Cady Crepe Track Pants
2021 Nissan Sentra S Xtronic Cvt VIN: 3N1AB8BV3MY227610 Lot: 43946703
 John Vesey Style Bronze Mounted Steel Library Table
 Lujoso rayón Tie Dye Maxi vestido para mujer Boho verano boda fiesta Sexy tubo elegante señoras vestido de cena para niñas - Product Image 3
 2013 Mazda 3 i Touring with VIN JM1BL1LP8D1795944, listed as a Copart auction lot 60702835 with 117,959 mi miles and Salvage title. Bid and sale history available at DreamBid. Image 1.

==

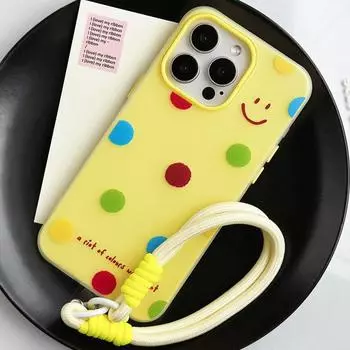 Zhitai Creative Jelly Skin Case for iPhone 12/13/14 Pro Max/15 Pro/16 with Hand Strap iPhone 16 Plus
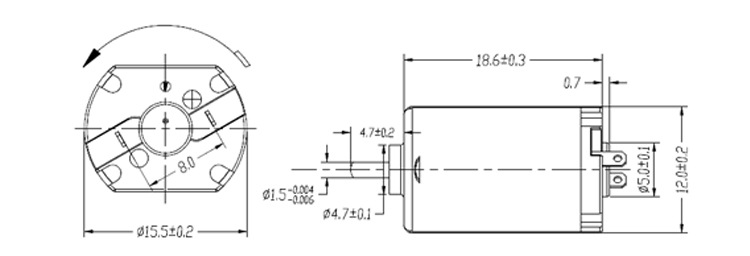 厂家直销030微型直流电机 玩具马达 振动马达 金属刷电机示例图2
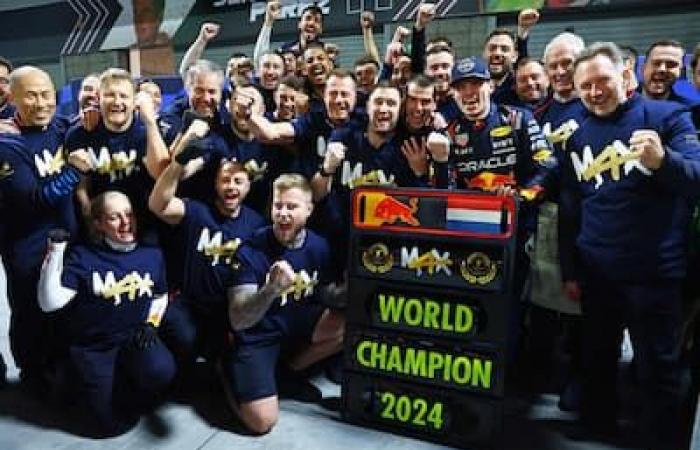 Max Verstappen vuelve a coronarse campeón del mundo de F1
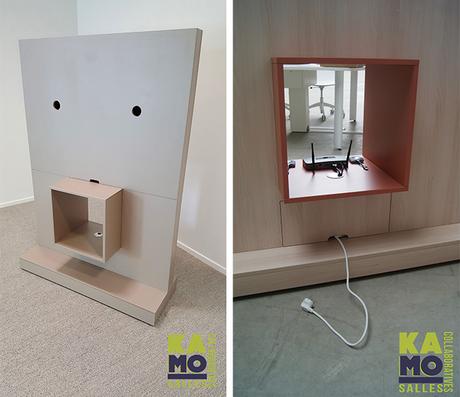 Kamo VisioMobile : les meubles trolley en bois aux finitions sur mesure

#### [TASK DESCRIPTION]
Every line above in the stretch from the one with "厂家直销030微型直流电机 玩具马达 振动马达 金属刷电机示例图2" through the one with "Kamo VisioMobile : les" is to be transcribed exactly, ends included. No picture is copied.

#### [ANSWER SECTION]
 厂家直销030微型直流电机 玩具马达 振动马达 金属刷电机示例图2
 Max Verstappen vuelve a coronarse campeón del mundo de F1
 Kamo VisioMobile : les meubles trolley en bois aux finitions sur mesure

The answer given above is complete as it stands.